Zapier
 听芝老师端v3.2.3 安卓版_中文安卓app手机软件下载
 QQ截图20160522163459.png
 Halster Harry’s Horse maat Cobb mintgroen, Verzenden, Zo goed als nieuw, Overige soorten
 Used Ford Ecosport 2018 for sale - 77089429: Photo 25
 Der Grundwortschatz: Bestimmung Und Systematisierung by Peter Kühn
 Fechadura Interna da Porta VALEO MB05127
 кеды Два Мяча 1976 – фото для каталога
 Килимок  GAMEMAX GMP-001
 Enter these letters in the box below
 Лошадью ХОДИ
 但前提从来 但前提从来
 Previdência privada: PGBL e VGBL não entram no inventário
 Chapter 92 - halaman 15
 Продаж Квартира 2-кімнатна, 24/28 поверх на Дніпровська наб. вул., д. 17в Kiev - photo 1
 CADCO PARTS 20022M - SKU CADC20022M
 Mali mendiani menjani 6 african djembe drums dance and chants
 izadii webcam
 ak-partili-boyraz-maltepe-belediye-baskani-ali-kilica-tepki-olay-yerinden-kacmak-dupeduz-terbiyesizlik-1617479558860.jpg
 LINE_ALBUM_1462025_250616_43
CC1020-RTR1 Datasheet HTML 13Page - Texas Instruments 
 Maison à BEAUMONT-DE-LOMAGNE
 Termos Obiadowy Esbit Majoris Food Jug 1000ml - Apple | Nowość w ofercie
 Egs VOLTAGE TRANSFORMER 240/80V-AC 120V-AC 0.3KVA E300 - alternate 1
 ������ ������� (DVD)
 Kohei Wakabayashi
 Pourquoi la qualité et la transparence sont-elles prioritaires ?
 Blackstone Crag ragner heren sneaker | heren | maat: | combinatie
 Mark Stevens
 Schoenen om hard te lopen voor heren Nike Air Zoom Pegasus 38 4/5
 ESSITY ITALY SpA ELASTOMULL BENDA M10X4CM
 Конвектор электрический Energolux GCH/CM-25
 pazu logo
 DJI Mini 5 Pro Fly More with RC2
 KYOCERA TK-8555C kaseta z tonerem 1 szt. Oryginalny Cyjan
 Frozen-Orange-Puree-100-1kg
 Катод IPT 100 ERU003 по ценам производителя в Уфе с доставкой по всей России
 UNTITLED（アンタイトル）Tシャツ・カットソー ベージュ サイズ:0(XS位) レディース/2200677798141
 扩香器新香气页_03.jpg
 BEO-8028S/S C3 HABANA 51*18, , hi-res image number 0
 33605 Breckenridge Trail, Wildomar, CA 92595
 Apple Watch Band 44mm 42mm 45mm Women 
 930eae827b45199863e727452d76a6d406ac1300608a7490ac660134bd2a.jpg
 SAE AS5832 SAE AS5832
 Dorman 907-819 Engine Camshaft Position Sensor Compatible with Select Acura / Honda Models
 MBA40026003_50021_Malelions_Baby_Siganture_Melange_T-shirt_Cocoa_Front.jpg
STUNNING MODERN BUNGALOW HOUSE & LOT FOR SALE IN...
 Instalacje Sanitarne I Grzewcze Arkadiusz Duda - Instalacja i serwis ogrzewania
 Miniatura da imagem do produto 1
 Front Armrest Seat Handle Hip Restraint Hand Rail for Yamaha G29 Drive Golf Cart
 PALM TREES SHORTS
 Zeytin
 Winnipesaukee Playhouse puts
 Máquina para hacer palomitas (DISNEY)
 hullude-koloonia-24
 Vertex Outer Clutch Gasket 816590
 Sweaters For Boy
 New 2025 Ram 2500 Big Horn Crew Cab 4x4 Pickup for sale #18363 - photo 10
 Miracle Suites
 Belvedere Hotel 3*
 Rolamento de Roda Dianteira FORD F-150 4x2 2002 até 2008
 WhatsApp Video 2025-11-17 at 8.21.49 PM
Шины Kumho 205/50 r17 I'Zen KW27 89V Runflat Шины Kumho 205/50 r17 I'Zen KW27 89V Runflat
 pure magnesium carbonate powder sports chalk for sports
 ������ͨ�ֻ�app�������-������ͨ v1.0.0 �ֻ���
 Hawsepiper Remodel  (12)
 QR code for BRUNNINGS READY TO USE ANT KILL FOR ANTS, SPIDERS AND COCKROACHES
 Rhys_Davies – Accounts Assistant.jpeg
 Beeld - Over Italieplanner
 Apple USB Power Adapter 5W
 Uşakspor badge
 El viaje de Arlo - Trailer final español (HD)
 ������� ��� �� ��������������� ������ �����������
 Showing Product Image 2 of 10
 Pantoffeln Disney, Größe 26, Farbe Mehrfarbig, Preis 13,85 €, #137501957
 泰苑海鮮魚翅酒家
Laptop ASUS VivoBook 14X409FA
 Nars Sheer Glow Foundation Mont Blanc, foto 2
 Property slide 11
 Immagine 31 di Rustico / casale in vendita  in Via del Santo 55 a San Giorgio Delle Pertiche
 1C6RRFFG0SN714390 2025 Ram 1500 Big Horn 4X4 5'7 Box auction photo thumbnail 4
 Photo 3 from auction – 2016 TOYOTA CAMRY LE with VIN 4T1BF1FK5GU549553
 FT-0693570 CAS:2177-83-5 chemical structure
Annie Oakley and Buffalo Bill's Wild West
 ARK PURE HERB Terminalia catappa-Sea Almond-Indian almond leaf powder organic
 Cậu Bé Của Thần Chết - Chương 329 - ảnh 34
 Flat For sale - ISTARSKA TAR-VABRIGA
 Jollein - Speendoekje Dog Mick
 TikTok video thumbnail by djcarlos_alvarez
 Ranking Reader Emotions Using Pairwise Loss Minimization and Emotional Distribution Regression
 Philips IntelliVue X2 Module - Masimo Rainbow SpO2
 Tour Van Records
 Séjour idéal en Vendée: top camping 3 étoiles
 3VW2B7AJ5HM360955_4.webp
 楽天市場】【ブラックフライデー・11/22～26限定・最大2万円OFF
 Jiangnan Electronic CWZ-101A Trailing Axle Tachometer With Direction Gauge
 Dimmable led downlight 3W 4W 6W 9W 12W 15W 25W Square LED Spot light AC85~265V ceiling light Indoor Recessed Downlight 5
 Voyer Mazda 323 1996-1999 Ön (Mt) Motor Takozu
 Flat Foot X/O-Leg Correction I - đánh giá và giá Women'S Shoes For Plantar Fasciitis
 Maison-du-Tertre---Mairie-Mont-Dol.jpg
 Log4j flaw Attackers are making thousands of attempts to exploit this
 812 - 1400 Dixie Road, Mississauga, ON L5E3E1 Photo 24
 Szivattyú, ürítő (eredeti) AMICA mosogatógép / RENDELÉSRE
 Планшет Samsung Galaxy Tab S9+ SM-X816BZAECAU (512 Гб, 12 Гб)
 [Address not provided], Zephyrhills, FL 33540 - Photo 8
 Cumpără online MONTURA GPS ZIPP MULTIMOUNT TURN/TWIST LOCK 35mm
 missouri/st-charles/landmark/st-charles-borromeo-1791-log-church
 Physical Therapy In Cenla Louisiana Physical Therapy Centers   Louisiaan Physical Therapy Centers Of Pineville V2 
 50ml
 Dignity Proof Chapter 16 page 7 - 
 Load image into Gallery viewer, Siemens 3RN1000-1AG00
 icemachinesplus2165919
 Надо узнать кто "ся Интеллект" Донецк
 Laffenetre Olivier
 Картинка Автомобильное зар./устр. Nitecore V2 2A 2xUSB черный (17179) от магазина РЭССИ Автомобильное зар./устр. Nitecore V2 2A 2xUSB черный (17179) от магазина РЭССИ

___

The records above should be restated word for word, please.

Response for this exercise
Zapier
 听芝老师端v3.2.3 安卓版_中文安卓app手机软件下载
 QQ截图20160522163459.png
 Halster Harry’s Horse maat Cobb mintgroen, Verzenden, Zo goed als nieuw, Overige soorten
 Used Ford Ecosport 2018 for sale - 77089429: Photo 25
 Der Grundwortschatz: Bestimmung Und Systematisierung by Peter Kühn
 Fechadura Interna da Porta VALEO MB05127
 кеды Два Мяча 1976 – фото для каталога
 Килимок  GAMEMAX GMP-001
 Enter these letters in the box below
 Лошадью ХОДИ
 但前提从来 但前提从来
 Previdência privada: PGBL e VGBL não entram no inventário
 Chapter 92 - halaman 15
 Продаж Квартира 2-кімнатна, 24/28 поверх на Дніпровська наб. вул., д. 17в Kiev - photo 1
 CADCO PARTS 20022M - SKU CADC20022M
 Mali mendiani menjani 6 african djembe drums dance and chants
 izadii webcam
 ak-partili-boyraz-maltepe-belediye-baskani-ali-kilica-tepki-olay-yerinden-kacmak-dupeduz-terbiyesizlik-1617479558860.jpg
 LINE_ALBUM_1462025_250616_43
CC1020-RTR1 Datasheet HTML 13Page - Texas Instruments 
 Maison à BEAUMONT-DE-LOMAGNE
 Termos Obiadowy Esbit Majoris Food Jug 1000ml - Apple | Nowość w ofercie
 Egs VOLTAGE TRANSFORMER 240/80V-AC 120V-AC 0.3KVA E300 - alternate 1
 ������ ������� (DVD)
 Kohei Wakabayashi
 Pourquoi la qualité et la transparence sont-elles prioritaires ?
 Blackstone Crag ragner heren sneaker | heren | maat: | combinatie
 Mark Stevens
 Schoenen om hard te lopen voor heren Nike Air Zoom Pegasus 38 4/5
 ESSITY ITALY SpA ELASTOMULL BENDA M10X4CM
 Конвектор электрический Energolux GCH/CM-25
 pazu logo
 DJI Mini 5 Pro Fly More with RC2
 KYOCERA TK-8555C kaseta z tonerem 1 szt. Oryginalny Cyjan
 Frozen-Orange-Puree-100-1kg
 Катод IPT 100 ERU003 по ценам производителя в Уфе с доставкой по всей России
 UNTITLED（アンタイトル）Tシャツ・カットソー ベージュ サイズ:0(XS位) レディース/2200677798141
 扩香器新香气页_03.jpg
 BEO-8028S/S C3 HABANA 51*18, , hi-res image number 0
 33605 Breckenridge Trail, Wildomar, CA 92595
 Apple Watch Band 44mm 42mm 45mm Women 
 930eae827b45199863e727452d76a6d406ac1300608a7490ac660134bd2a.jpg
 SAE AS5832 SAE AS5832
 Dorman 907-819 Engine Camshaft Position Sensor Compatible with Select Acura / Honda Models
 MBA40026003_50021_Malelions_Baby_Siganture_Melange_T-shirt_Cocoa_Front.jpg
STUNNING MODERN BUNGALOW HOUSE & LOT FOR SALE IN...
 Instalacje Sanitarne I Grzewcze Arkadiusz Duda - Instalacja i serwis ogrzewania
 Miniatura da imagem do produto 1
 Front Armrest Seat Handle Hip Restraint Hand Rail for Yamaha G29 Drive Golf Cart
 PALM TREES SHORTS
 Zeytin
 Winnipesaukee Playhouse puts
 Máquina para hacer palomitas (DISNEY)
 hullude-koloonia-24
 Vertex Outer Clutch Gasket 816590
 Sweaters For Boy
 New 2025 Ram 2500 Big Horn Crew Cab 4x4 Pickup for sale #18363 - photo 10
 Miracle Suites
 Belvedere Hotel 3*
 Rolamento de Roda Dianteira FORD F-150 4x2 2002 até 2008
 WhatsApp Video 2025-11-17 at 8.21.49 PM
Шины Kumho 205/50 r17 I'Zen KW27 89V Runflat Шины Kumho 205/50 r17 I'Zen KW27 89V Runflat
 pure magnesium carbonate powder sports chalk for sports
 ������ͨ�ֻ�app�������-������ͨ v1.0.0 �ֻ���
 Hawsepiper Remodel  (12)
 QR code for BRUNNINGS READY TO USE ANT KILL FOR ANTS, SPIDERS AND COCKROACHES
 Rhys_Davies – Accounts Assistant.jpeg
 Beeld - Over Italieplanner
 Apple USB Power Adapter 5W
 Uşakspor badge
 El viaje de Arlo - Trailer final español (HD)
 ������� ��� �� ��������������� ������ �����������
 Showing Product Image 2 of 10
 Pantoffeln Disney, Größe 26, Farbe Mehrfarbig, Preis 13,85 €, #137501957
 泰苑海鮮魚翅酒家
Laptop ASUS VivoBook 14X409FA
 Nars Sheer Glow Foundation Mont Blanc, foto 2
 Property slide 11
 Immagine 31 di Rustico / casale in vendita  in Via del Santo 55 a San Giorgio Delle Pertiche
 1C6RRFFG0SN714390 2025 Ram 1500 Big Horn 4X4 5'7 Box auction photo thumbnail 4
 Photo 3 from auction – 2016 TOYOTA CAMRY LE with VIN 4T1BF1FK5GU549553
 FT-0693570 CAS:2177-83-5 chemical structure
Annie Oakley and Buffalo Bill's Wild West
 ARK PURE HERB Terminalia catappa-Sea Almond-Indian almond leaf powder organic
 Cậu Bé Của Thần Chết - Chương 329 - ảnh 34
 Flat For sale - ISTARSKA TAR-VABRIGA
 Jollein - Speendoekje Dog Mick
 TikTok video thumbnail by djcarlos_alvarez
 Ranking Reader Emotions Using Pairwise Loss Minimization and Emotional Distribution Regression
 Philips IntelliVue X2 Module - Masimo Rainbow SpO2
 Tour Van Records
 Séjour idéal en Vendée: top camping 3 étoiles
 3VW2B7AJ5HM360955_4.webp
 楽天市場】【ブラックフライデー・11/22～26限定・最大2万円OFF
 Jiangnan Electronic CWZ-101A Trailing Axle Tachometer With Direction Gauge
 Dimmable led downlight 3W 4W 6W 9W 12W 15W 25W Square LED Spot light AC85~265V ceiling light Indoor Recessed Downlight 5
 Voyer Mazda 323 1996-1999 Ön (Mt) Motor Takozu
 Flat Foot X/O-Leg Correction I - đánh giá và giá Women'S Shoes For Plantar Fasciitis
 Maison-du-Tertre---Mairie-Mont-Dol.jpg
 Log4j flaw Attackers are making thousands of attempts to exploit this
 812 - 1400 Dixie Road, Mississauga, ON L5E3E1 Photo 24
 Szivattyú, ürítő (eredeti) AMICA mosogatógép / RENDELÉSRE
 Планшет Samsung Galaxy Tab S9+ SM-X816BZAECAU (512 Гб, 12 Гб)
 [Address not provided], Zephyrhills, FL 33540 - Photo 8
 Cumpără online MONTURA GPS ZIPP MULTIMOUNT TURN/TWIST LOCK 35mm
 missouri/st-charles/landmark/st-charles-borromeo-1791-log-church
 Physical Therapy In Cenla Louisiana Physical Therapy Centers   Louisiaan Physical Therapy Centers Of Pineville V2 
 50ml
 Dignity Proof Chapter 16 page 7 - 
 Load image into Gallery viewer, Siemens 3RN1000-1AG00
 icemachinesplus2165919
 Надо узнать кто "ся Интеллект" Донецк
 Laffenetre Olivier
 Картинка Автомобильное зар./устр. Nitecore V2 2A 2xUSB черный (17179) от магазина РЭССИ Автомобильное зар./устр. Nitecore V2 2A 2xUSB черный (17179) от магазина РЭССИ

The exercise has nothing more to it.